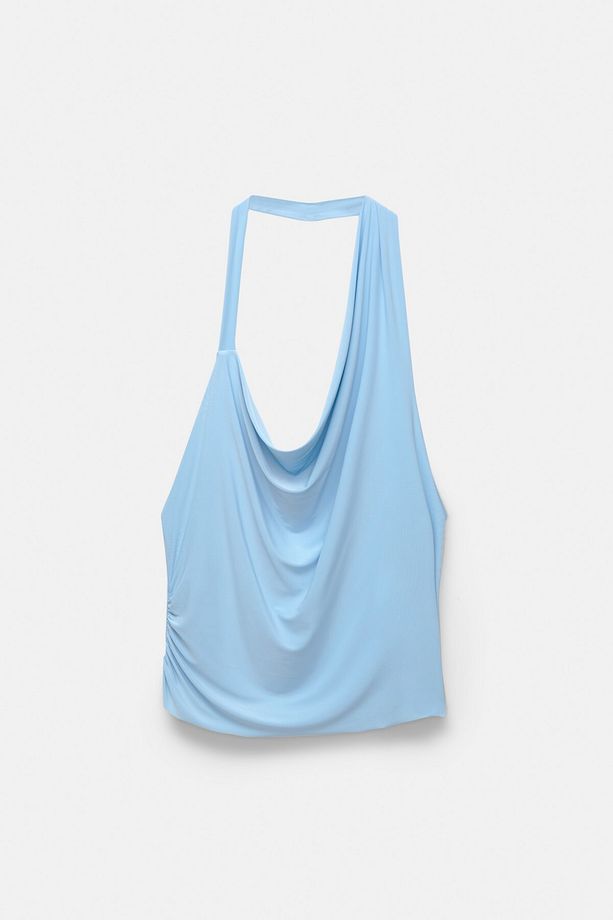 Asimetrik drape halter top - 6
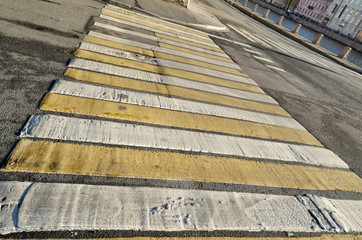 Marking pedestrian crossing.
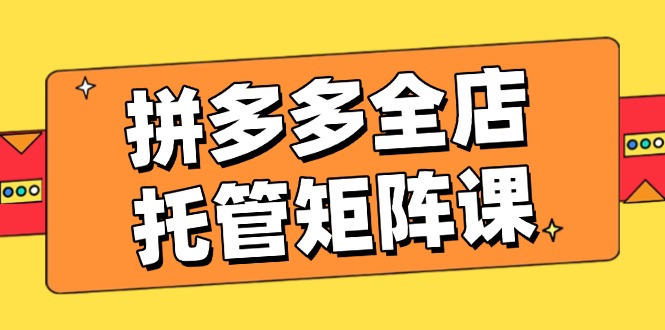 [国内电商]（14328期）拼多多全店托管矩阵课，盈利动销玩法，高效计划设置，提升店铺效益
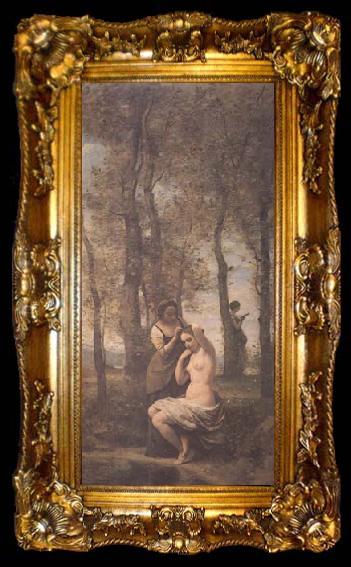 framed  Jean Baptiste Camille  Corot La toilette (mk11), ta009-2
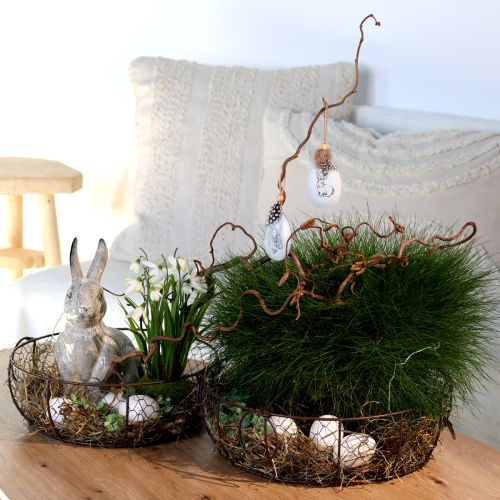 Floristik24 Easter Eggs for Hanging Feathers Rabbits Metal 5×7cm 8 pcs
------------------------------------------------------------
Give back exactly the lines from the line with "toilette (mk11), ta009-2" through the end of the records, both included; keep all pictures out.

 framed  Jean Baptiste Camille  Corot La toilette (mk11), ta009-2
 Floristik24 Easter Eggs for Hanging Feathers Rabbits Metal 5×7cm 8 pcs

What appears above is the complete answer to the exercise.